• [What you need to do]: Only the pictures should be left out; write out all other data exactly.

Source material section start

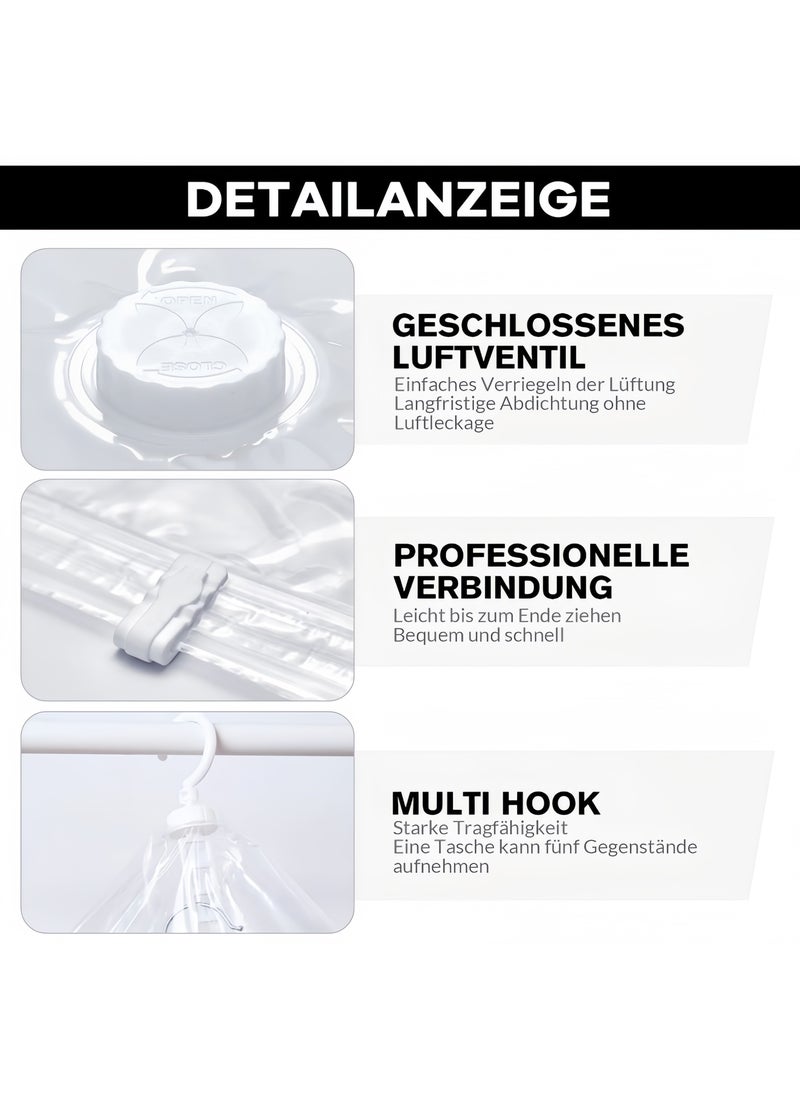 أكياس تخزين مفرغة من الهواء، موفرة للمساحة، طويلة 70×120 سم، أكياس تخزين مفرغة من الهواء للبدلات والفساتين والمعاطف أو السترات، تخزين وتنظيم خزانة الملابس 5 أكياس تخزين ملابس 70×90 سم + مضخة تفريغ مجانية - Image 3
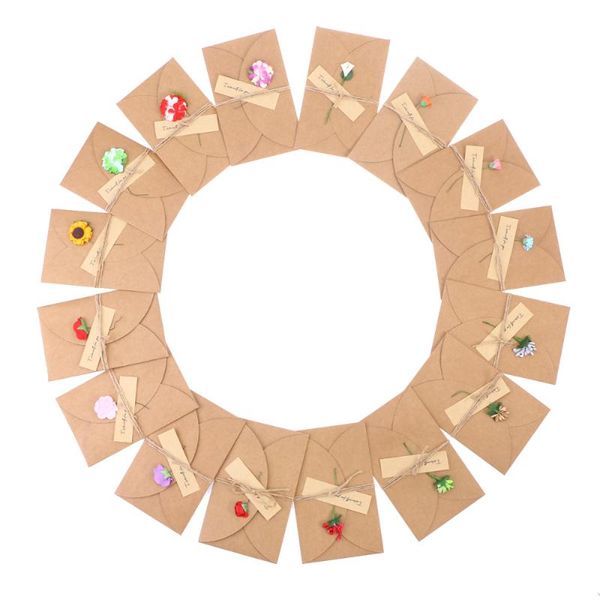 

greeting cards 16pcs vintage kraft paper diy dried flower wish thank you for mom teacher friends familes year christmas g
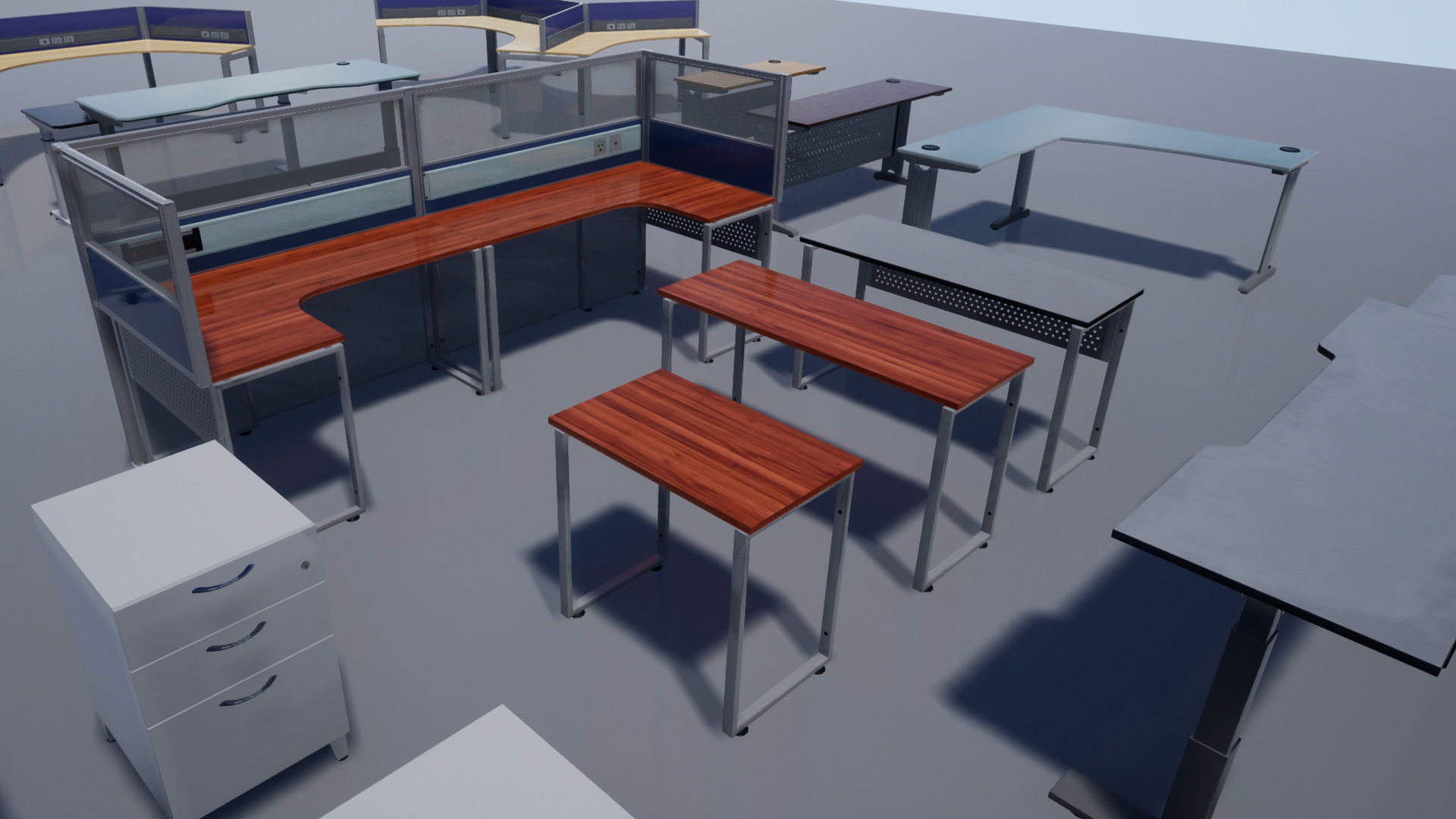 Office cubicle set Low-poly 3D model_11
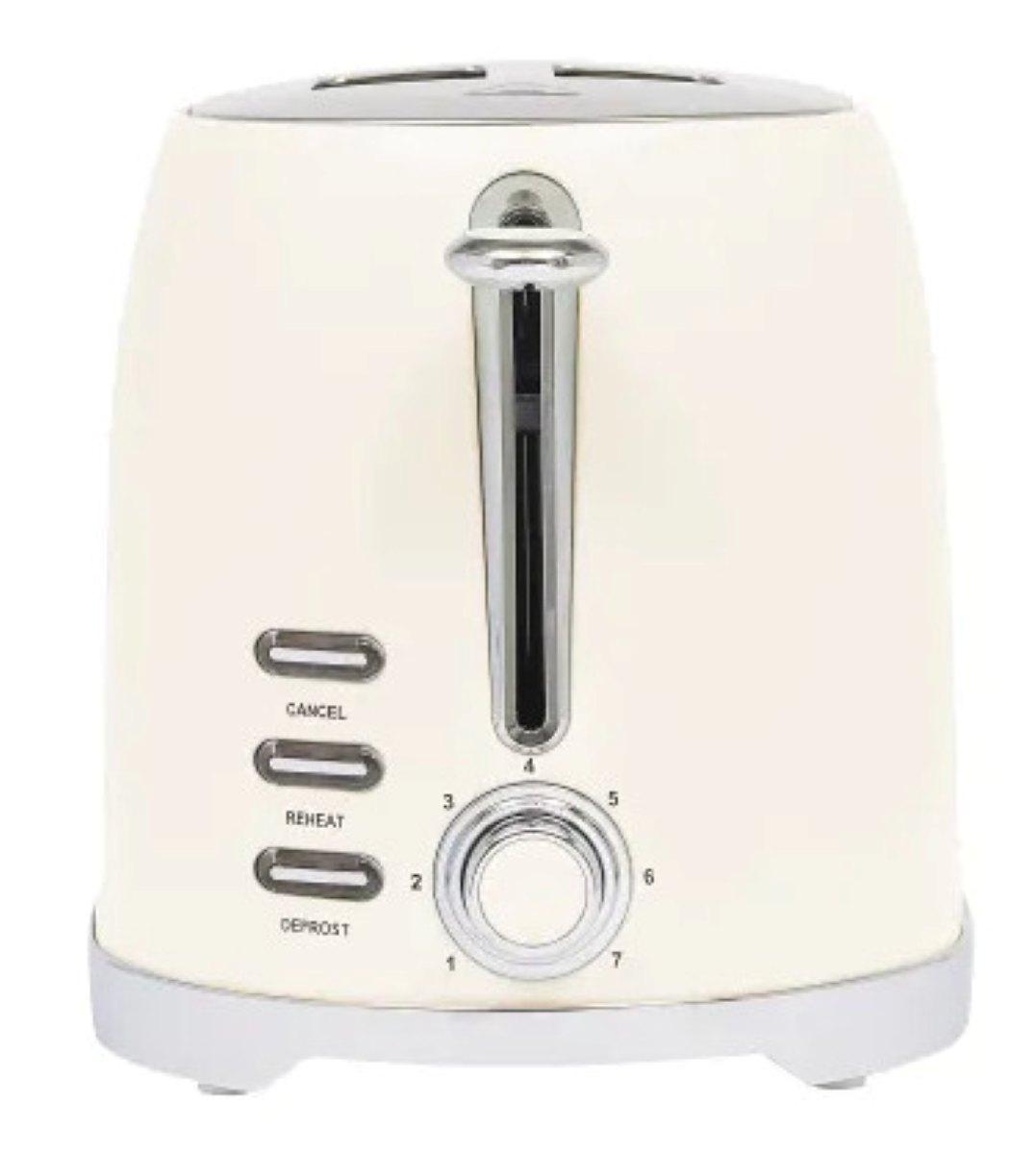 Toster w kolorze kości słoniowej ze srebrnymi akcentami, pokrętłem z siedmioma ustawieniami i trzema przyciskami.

Source material section end

• [Worked solution]:
 أكياس تخزين مفرغة من الهواء، موفرة للمساحة، طويلة 70×120 سم، أكياس تخزين مفرغة من الهواء للبدلات والفساتين والمعاطف أو السترات، تخزين وتنظيم خزانة الملابس 5 أكياس تخزين ملابس 70×90 سم + مضخة تفريغ مجانية - Image 3

greeting cards 16pcs vintage kraft paper diy dried flower wish thank you for mom teacher friends familes year christmas g
 Office cubicle set Low-poly 3D model_11
 Toster w kolorze kości słoniowej ze srebrnymi akcentami, pokrętłem z siedmioma ustawieniami i trzema przyciskami.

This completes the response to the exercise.